THE TASK -
Restate, exactly as written, the entries below from the line that holds "TNSLAND 2 rullar" through the line that holds "Luxury Baby Changing". Pictures are not part of the copy.

(Pictures with short captions)
|---|

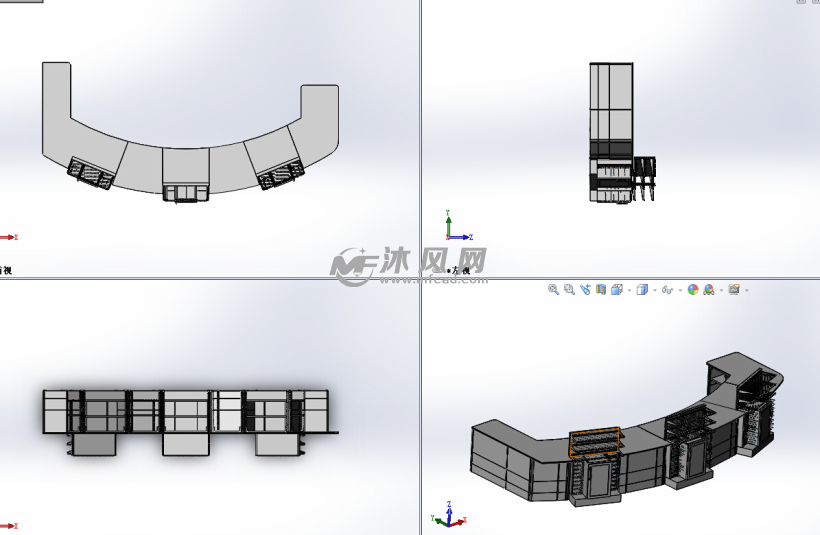 商场销售柜台设计模型三视图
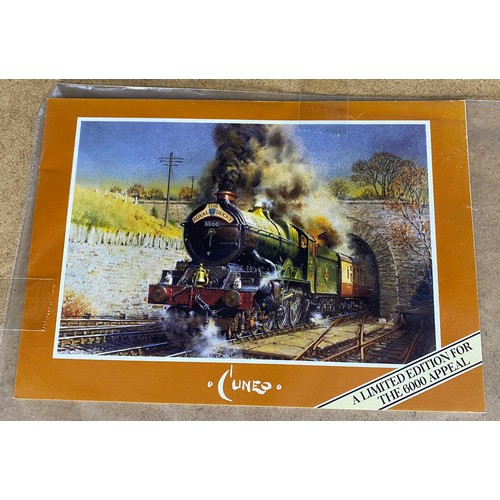 355 - Terence Cuneo. King George V locomotive framed print, limited edition signed by artist and counter s... 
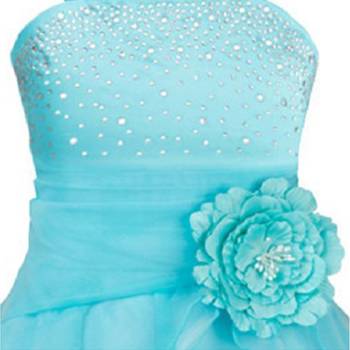 Blue Plain Tissue Kids Frocks 3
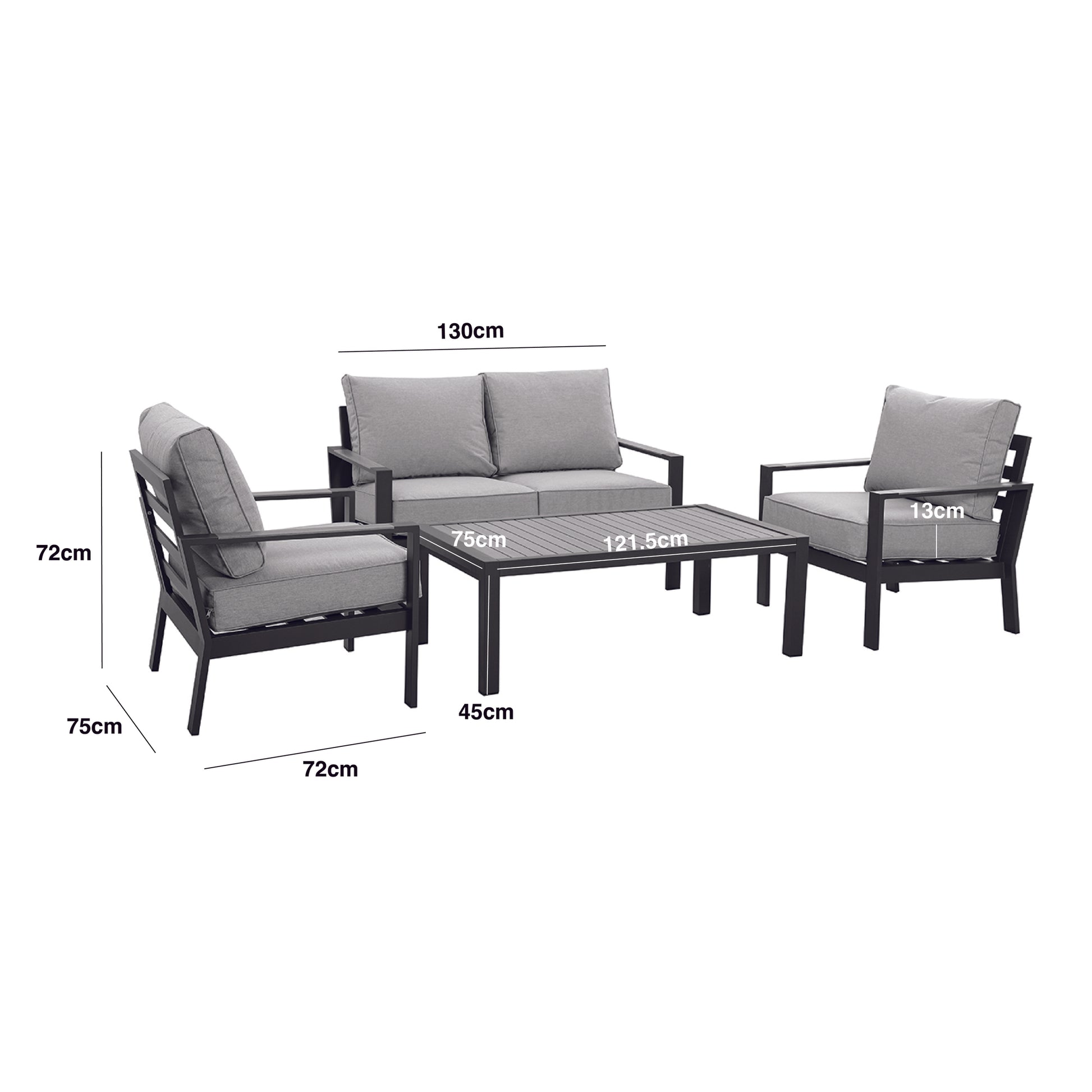 Maze - Vancouver 2 Seat Aluminium Sofa Set with Rectangular Coffee Table - Dove Grey - Blythe Living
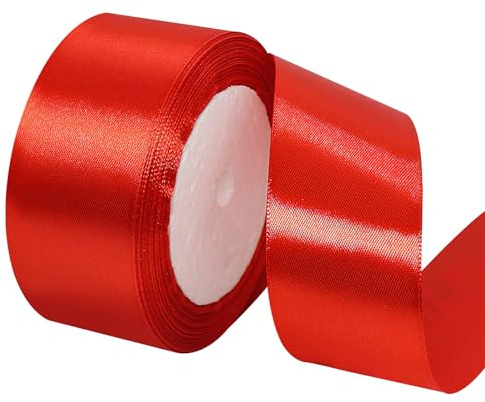 TNSLAND 2 rullar rött satinband 40 mm band presentband brett, 22 m rött band presentband rött band, band brett för presentförpackningar, blomster, sömnad, bröllop, helgdagar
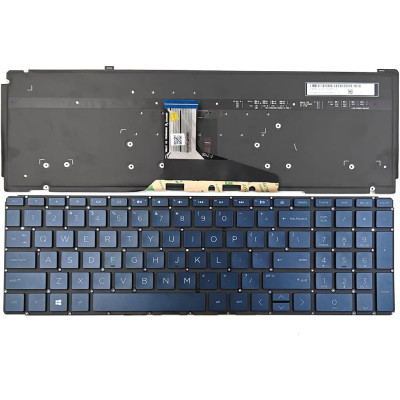 HP Spectre X360 15-EB, 15T-EB, EB0072TX, TPN-Q226, backlit US keyboard blue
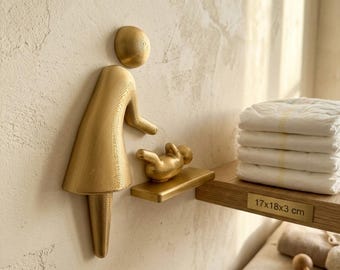 Luxury Baby Changing Station Sign | 3D Printed Gold Diaper Changing Sign | Modern Nursery Restroom Wall Decor | Baby Changing Table Sign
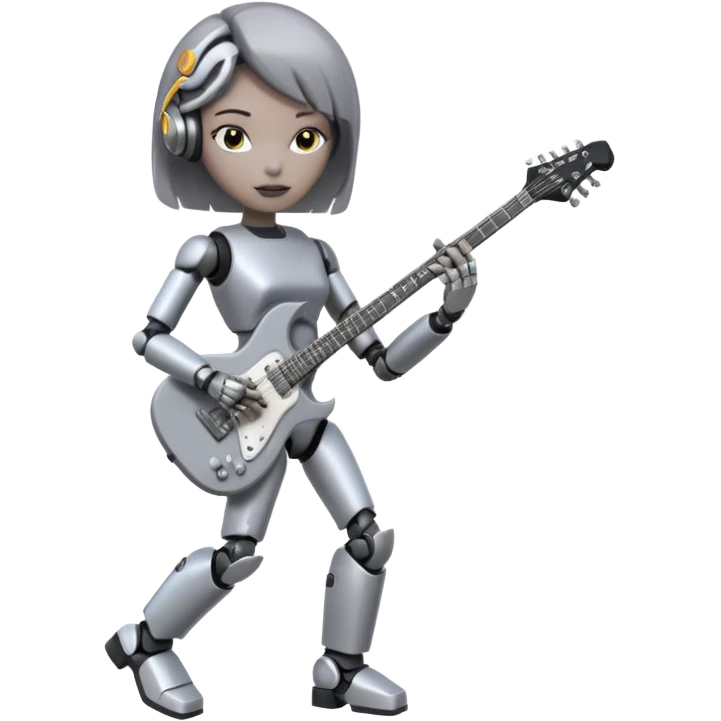 a cyper robot carry her note and electric guitar and try to change the world emoji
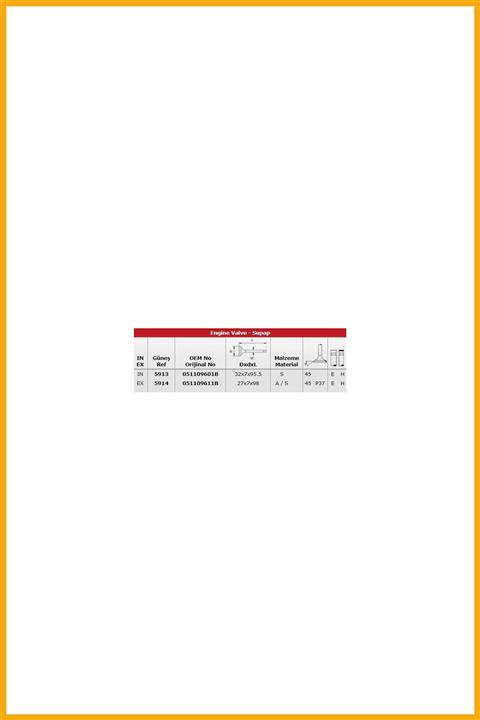 AAVDAN Subap Takımı Ibıza Cordoba 16v (ın 8 / Ex 8)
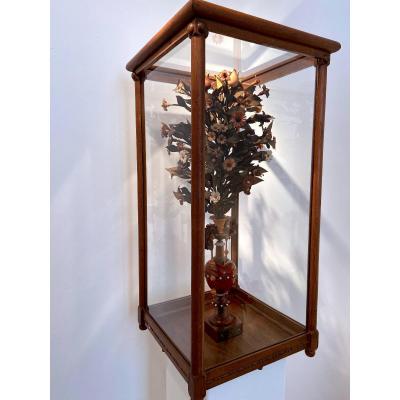 A Vase With Flowering Plant - Ca. 1900 - Wood Carving - Leuven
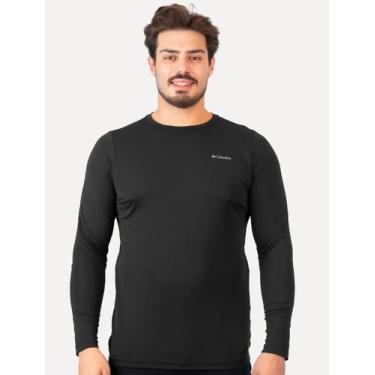 Imagem de Camiseta Columbia Masculina Manga Longa Neblina Grey Logo Preta, S/P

|---|

SOLUTION -
 TNSLAND 2 rullar rött satinband 40 mm band presentband brett, 22 m rött band presentband rött band, band brett för presentförpackningar, blomster, sömnad, bröllop, helgdagar
 HP Spectre X360 15-EB, 15T-EB, EB0072TX, TPN-Q226, backlit US keyboard blue
 Luxury Baby Changing Station Sign | 3D Printed Gold Diaper Changing Sign | Modern Nursery Restroom Wall Decor | Baby Changing Table Sign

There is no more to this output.